White Sox 6, Tigers 4: Again, Andrew Vaughn steps up in seventh

White Sox win

Another day, another hard-fought victory over the Tigers courtesy of another game-winning single by Andrew Vaughn.

Vaughn came through in two outs in the seventh inning for the second straight night. This time, he stayed on a Joe Jimenez slider and bouncing it back through the middle to score José Abreu that put the Sox ahead for good. Reynaldo López pitched a scoreless eighth and Liam Hendriks worked around a single and a walk in the ninth, with an AJ Pollock solo shot providing a cushion.

Lucas Giolito ended up getting the win, which didn’t seem all that likely when the White Sox fell behind 3-1 after two, and 4-3 after three. The three-spot in the second inning all happened after two outs, and it involved a 3-2 pitch he didn’t get, a bleeder through the middle and a bases-clearing double that Eloy Jiménez followed poorly until it bounced on the warning track.

The fourth run was a more traditional quick hit, as Giolito gave up a one-out single and an RBI double to Eric Haase. Considering Giolito needed a brilliant play from Yoán Moncada to escape danger in the first — he dived to catch Harold Castro’s liner, then caught Javier Báez miles away from first base for a double play — it had all the makings of a limited and frustrating night.

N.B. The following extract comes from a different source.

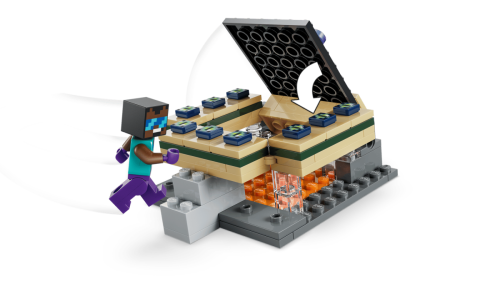 21584 Minecraft Nether & End Portal Journey - 8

But then Giolito retired the next 12 he faced, and when Akil Baddoo singled with one out in the top of the seventh, he rebounded by snagging Riley Greene’s comebacker and starting a 1-6-3 double play. He needed only 39 pitches to navigate through his final four innings, giving him a reasonable pitch count of 92 over seven innings.

The White Sox offense was similarly resilient, at least early. They scored first, capitalizing on the same situation the Tigers had (runners on the corners, one out) with an Abreu sac fly. When the Tigers responded with three, the Sox answered with two. Gavin Sheets thwarted the shift with a double where a third baseman would usually stand, scored on Leury García’s single, and then García scored after a Josh Harrison single and a Pollock sac fly.

When the Tigers reclaimed the lead in the top of the third, the Sox retied it by the bottom of the fourth. García led off with a single, and when Matt Manning responded with two outs over four pitches, he then walked Moncada to extend the inning. That’s when Jiménez extended his hitting streak with a single to center that made it 4-4.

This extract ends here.